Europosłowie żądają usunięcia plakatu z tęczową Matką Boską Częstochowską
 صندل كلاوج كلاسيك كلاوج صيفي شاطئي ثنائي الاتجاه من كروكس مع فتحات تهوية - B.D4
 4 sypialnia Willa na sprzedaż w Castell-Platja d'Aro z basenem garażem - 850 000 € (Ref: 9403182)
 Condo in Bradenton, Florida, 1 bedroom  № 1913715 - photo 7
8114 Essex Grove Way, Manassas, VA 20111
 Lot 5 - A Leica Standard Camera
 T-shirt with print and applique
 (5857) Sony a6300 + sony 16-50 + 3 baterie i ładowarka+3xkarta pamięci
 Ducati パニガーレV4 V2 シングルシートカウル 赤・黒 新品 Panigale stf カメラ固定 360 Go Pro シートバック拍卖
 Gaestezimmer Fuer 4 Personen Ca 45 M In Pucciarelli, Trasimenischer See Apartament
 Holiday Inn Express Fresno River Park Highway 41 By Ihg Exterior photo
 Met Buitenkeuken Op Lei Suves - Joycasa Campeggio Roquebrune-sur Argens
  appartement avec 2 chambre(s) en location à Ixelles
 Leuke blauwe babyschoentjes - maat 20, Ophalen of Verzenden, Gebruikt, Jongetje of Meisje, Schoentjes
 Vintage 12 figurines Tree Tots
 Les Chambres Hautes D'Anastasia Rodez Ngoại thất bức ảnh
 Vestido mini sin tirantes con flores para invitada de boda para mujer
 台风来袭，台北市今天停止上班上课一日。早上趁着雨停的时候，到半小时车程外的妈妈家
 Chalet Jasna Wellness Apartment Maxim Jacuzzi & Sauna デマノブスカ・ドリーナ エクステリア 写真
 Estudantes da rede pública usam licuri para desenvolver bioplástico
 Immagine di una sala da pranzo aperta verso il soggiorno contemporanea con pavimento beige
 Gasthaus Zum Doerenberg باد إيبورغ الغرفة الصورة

■ ■ ■

→ WHAT TO WORK ON
Print out the entire listing. Keep every line exact.

→ RESPONSE AREA
Europosłowie żądają usunięcia plakatu z tęczową Matką Boską Częstochowską
 صندل كلاوج كلاسيك كلاوج صيفي شاطئي ثنائي الاتجاه من كروكس مع فتحات تهوية - B.D4
 4 sypialnia Willa na sprzedaż w Castell-Platja d'Aro z basenem garażem - 850 000 € (Ref: 9403182)
 Condo in Bradenton, Florida, 1 bedroom  № 1913715 - photo 7
8114 Essex Grove Way, Manassas, VA 20111
 Lot 5 - A Leica Standard Camera
 T-shirt with print and applique
 (5857) Sony a6300 + sony 16-50 + 3 baterie i ładowarka+3xkarta pamięci
 Ducati パニガーレV4 V2 シングルシートカウル 赤・黒 新品 Panigale stf カメラ固定 360 Go Pro シートバック拍卖
 Gaestezimmer Fuer 4 Personen Ca 45 M In Pucciarelli, Trasimenischer See Apartament
 Holiday Inn Express Fresno River Park Highway 41 By Ihg Exterior photo
 Met Buitenkeuken Op Lei Suves - Joycasa Campeggio Roquebrune-sur Argens
  appartement avec 2 chambre(s) en location à Ixelles
 Leuke blauwe babyschoentjes - maat 20, Ophalen of Verzenden, Gebruikt, Jongetje of Meisje, Schoentjes
 Vintage 12 figurines Tree Tots
 Les Chambres Hautes D'Anastasia Rodez Ngoại thất bức ảnh
 Vestido mini sin tirantes con flores para invitada de boda para mujer
 台风来袭，台北市今天停止上班上课一日。早上趁着雨停的时候，到半小时车程外的妈妈家
 Chalet Jasna Wellness Apartment Maxim Jacuzzi & Sauna デマノブスカ・ドリーナ エクステリア 写真
 Estudantes da rede pública usam licuri para desenvolver bioplástico
 Immagine di una sala da pranzo aperta verso il soggiorno contemporanea con pavimento beige
 Gasthaus Zum Doerenberg باد إيبورغ الغرفة الصورة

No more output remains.